In game design, they have a thing called a design document, which describes in detail the game’s structure, components, selling points and so on, and I thought this would be a useful format through which I might go into some detail about the poem. So here goes:
Overview
‘The Self-Made Man’ is a poem written originally as a birthday present for my partner, Abigail Parry. As requested, it is a poem about a monster. But what monster? Vincent Price’s Hammer character, the Abominable Dr Phibes, in one sense, but in another sense, the kind of men who find they have the power to shape the world, and become addicted to that power.
Genre
Possibly a monster poem. Possibly a political poem. Shades of dramatic monologue.
Target demographic
Readers with a taste for the uncanny, gothy/gothic imagery, and allusions to the stage as a place of both artifice and transformation.
Perspective
First-person, as told to a confidante or diarised. Introspective, but self-satisfied.
Tone
Mounting megalomania.
Structure
Halting, shorter lines, sometimes with space to emphasises pauses. It should feel like a voice working its way toward complete conviction.
Plot points
(SPOILERS) The poem borrows images and ideas from the film The Abominable Dr Phibes. In the film, Phibes reconstructs his face after an accident (off-screen – his ‘real’ face is a final reel reveal). He then proceeds to exact elaborate, flashy revenge on the medical staff who failed to save the life of his wife, culminating in a scene where he hides a key inside the heart of a doctor’s son. The key is needed to unlock the boy’s bonds and save him from death by acid. Phibes looks like a shabby magician, and he also plays an organ which descends into the floor.

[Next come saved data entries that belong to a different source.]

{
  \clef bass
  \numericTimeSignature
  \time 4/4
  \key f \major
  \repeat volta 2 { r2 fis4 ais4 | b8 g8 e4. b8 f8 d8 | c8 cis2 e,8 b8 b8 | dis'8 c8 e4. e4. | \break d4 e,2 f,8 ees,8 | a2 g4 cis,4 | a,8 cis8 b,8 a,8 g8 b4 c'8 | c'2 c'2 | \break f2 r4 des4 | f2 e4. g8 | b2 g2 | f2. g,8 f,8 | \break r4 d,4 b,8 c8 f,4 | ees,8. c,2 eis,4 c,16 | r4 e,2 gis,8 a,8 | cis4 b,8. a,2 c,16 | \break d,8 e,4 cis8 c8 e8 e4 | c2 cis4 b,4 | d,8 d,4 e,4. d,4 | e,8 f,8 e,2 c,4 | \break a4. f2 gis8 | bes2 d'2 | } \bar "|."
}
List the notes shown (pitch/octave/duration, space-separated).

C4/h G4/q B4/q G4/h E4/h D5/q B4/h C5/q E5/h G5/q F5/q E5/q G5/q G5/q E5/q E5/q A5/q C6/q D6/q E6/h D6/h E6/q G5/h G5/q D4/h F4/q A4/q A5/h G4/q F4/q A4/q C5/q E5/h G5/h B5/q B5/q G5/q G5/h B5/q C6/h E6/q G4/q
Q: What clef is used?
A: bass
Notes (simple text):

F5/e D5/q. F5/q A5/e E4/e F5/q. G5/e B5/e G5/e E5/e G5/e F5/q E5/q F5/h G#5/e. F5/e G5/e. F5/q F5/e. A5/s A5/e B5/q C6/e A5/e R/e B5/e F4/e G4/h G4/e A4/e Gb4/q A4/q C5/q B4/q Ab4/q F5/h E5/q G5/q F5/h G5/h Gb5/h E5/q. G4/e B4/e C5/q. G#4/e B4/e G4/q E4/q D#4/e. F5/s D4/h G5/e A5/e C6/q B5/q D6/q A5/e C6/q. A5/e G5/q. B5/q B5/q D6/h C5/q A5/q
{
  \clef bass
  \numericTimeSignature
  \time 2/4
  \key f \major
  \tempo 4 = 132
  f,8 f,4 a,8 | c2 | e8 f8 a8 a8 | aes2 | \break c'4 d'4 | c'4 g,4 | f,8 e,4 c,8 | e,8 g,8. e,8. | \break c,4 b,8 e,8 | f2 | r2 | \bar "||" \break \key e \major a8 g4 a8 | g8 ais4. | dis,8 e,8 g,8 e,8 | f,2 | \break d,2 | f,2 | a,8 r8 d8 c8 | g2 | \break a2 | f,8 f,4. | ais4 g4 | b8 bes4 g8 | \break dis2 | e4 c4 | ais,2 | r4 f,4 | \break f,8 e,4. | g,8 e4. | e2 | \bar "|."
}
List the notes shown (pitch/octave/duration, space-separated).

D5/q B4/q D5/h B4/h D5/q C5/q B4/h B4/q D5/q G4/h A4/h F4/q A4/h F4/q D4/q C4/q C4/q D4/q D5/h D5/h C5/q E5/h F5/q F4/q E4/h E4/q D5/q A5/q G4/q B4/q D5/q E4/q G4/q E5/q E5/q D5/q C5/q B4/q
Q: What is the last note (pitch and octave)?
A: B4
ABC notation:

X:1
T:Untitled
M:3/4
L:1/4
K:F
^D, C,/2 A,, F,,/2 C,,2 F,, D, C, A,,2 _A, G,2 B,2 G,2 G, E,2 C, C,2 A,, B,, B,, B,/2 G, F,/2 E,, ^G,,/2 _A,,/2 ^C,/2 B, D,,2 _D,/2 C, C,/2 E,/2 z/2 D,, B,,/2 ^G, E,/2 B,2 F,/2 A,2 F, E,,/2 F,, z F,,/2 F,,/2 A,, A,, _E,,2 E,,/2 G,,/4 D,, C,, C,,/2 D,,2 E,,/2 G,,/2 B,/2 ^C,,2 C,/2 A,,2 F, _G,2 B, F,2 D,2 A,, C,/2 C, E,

In the poem, the facial reconstruction is the first centrepiece. This needs to be built up carefully to mirror the methodical nature of process it describes. The business about his wife is dropped – this is superfluous to the poem. Reconstructing his face and his voice leads him to realise that anything can be manipulated to his liking. Phibes’ organ, in the poem, is his conviction. He does not see himself as an evil sorcerer, but a craftsman and illusionist. The world is his stage. At the end, his heart is descending like the Phibes’ organ, with the key inside it. (The key to what?)
Themes
Fluidity of fact/truth as empowerment, as drug. Our potentially limitless malleability as blind spot. Monsters are real etc.
Other notable points
In the film, Phibes kills someone with locusts. This is alluded to in the line about ‘minute and delicate jaws’, but it becomes a way of describing how small manipulations effect change (a ripple effect?).
The title is from one of the posters used to advertise the film. The wordplay is now reversed, or rather, brought full circle. It describes a literal ‘self-made man’ but also the social creature we call a self-made man, which is also what the poem is about.
Hopefully, the poem avoids over-stressing the mask imagery – this is very well-worn territory.